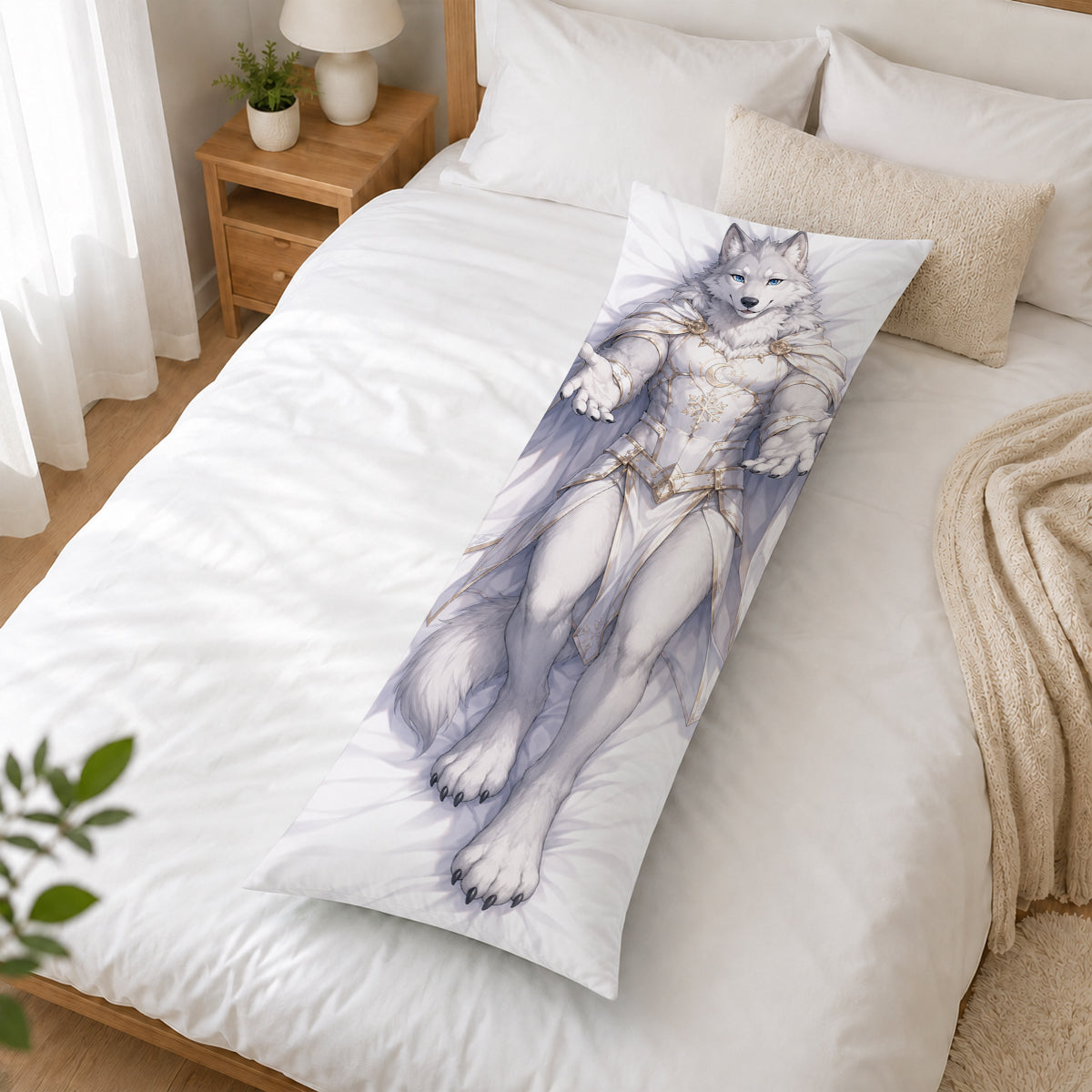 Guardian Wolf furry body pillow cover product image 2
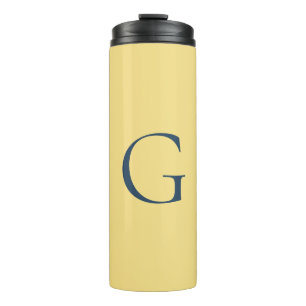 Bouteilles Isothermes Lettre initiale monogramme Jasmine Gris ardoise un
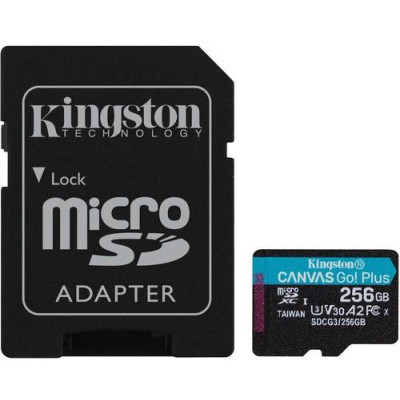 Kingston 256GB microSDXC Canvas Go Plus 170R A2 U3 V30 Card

...

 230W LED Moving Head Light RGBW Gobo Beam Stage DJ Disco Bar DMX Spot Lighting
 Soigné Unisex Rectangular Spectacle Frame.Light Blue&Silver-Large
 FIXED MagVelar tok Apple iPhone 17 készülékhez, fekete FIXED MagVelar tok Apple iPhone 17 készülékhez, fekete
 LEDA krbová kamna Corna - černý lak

---

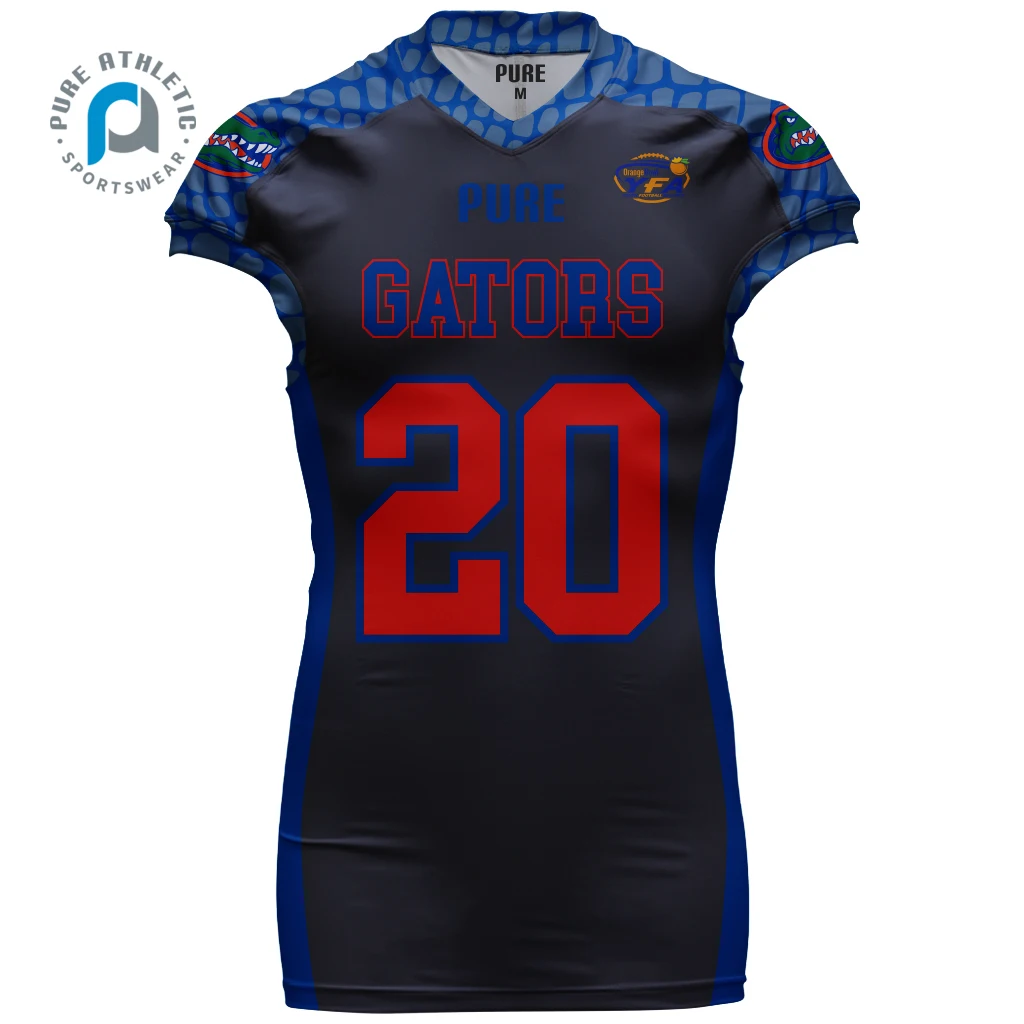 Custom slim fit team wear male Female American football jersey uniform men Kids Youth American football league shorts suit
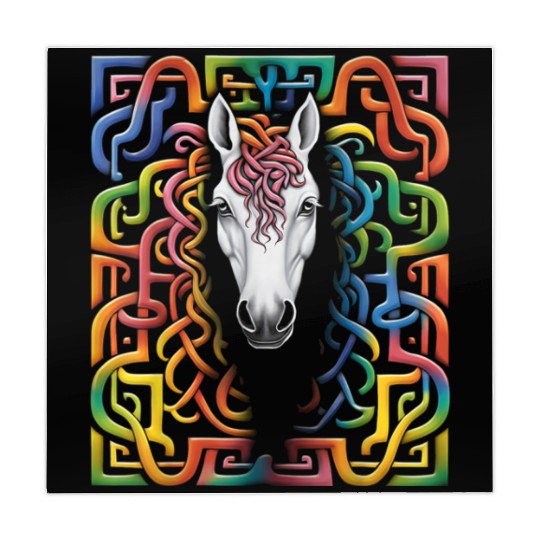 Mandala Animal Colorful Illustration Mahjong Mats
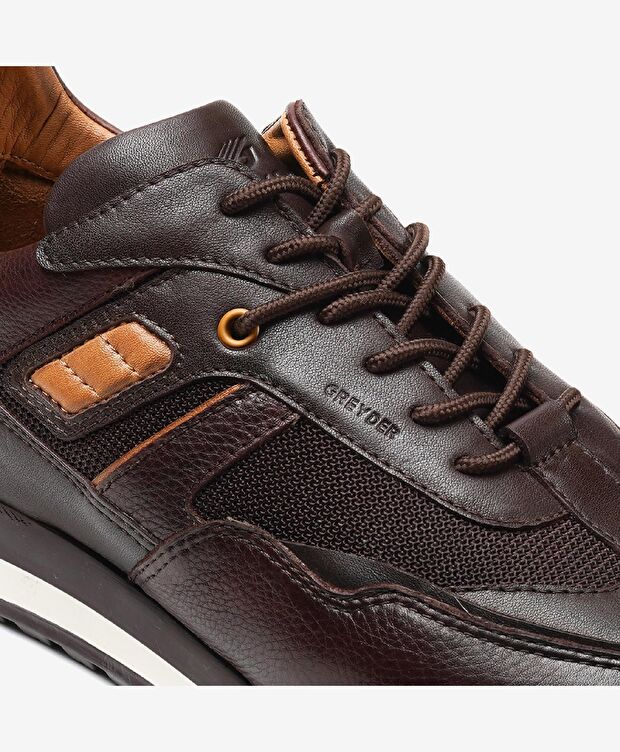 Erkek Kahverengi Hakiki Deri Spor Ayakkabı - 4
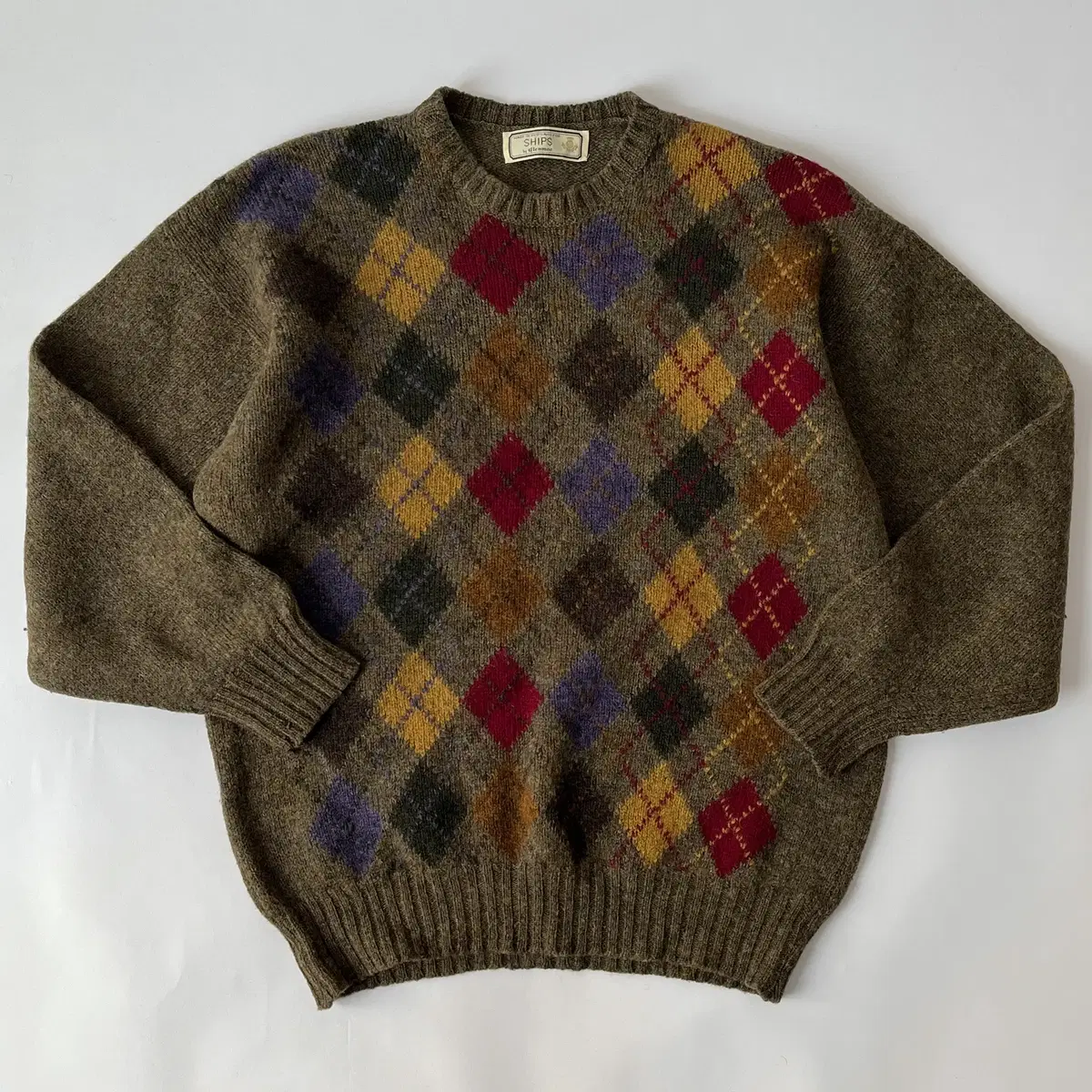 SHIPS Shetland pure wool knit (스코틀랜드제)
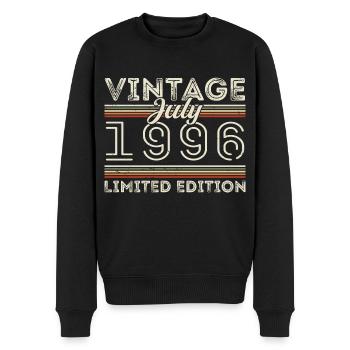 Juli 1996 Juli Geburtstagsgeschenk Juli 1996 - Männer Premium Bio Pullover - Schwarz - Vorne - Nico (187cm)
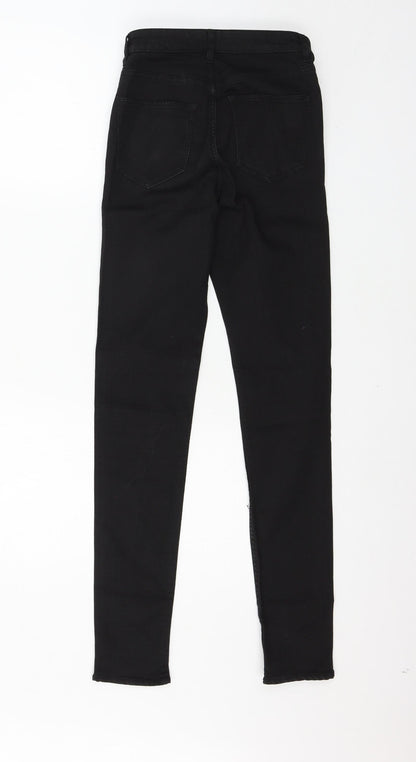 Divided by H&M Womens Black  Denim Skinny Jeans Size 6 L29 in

## [WHAT TO WORK ON]
Everything above from the line containing "230W LED Moving" down to the line containing "LEDA krbová kamna Corna - černý lak" is to be transcribed exactly, with both of those lines included and nothing else added.

## [PROBLEM SOLUTION]
 230W LED Moving Head Light RGBW Gobo Beam Stage DJ Disco Bar DMX Spot Lighting
 Soigné Unisex Rectangular Spectacle Frame.Light Blue&Silver-Large
 FIXED MagVelar tok Apple iPhone 17 készülékhez, fekete FIXED MagVelar tok Apple iPhone 17 készülékhez, fekete
 LEDA krbová kamna Corna - černý lak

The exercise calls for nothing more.